- [Problem description]: Every line from the one containing "wide-leg tailored trousers" to the end of the data below should be copied exactly, but pictures should not.

- [Data below]:
== Segment start ==

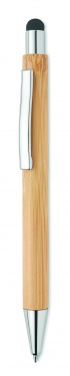 Logo trade corporate gifts picture of: Bamboo ballpoint pen with blue ink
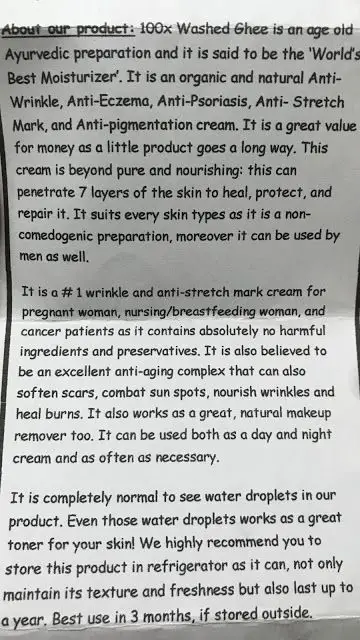 The Fab 100x Washed Ghee Moisturizer Review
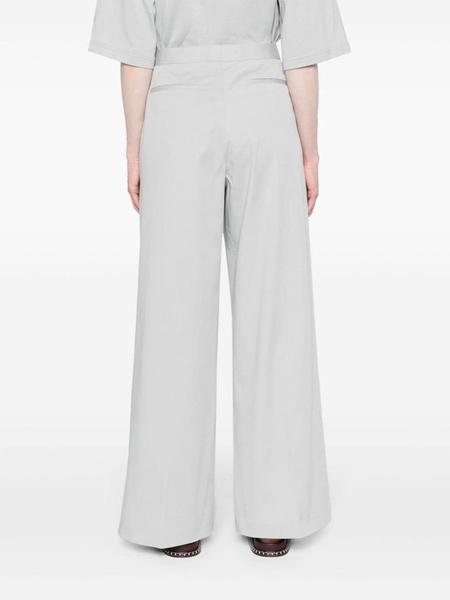 wide-leg tailored trousers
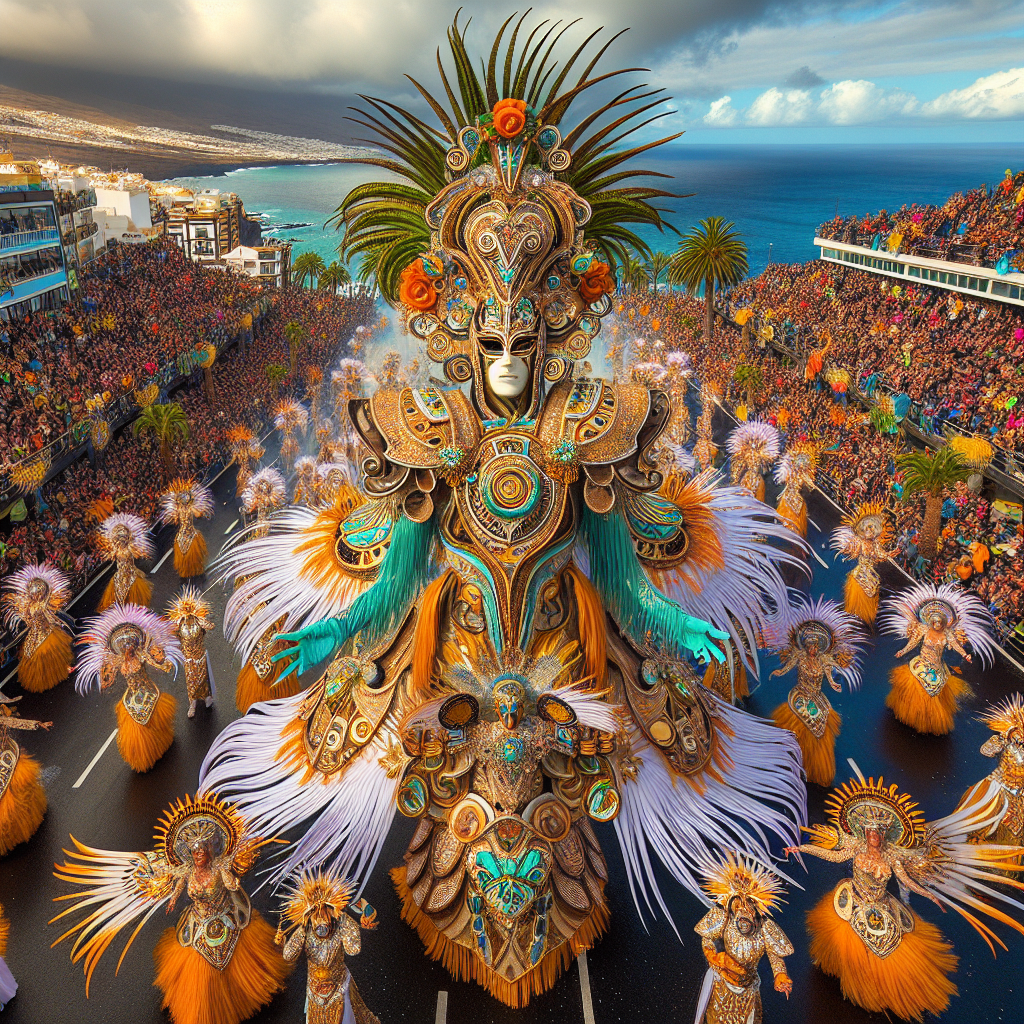 Santa Cruz De Tenerife Carnival - Tenerife Painting Number Kit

== Segment end ==

- [Your response]:
 wide-leg tailored trousers
 Santa Cruz De Tenerife Carnival - Tenerife Painting Number Kit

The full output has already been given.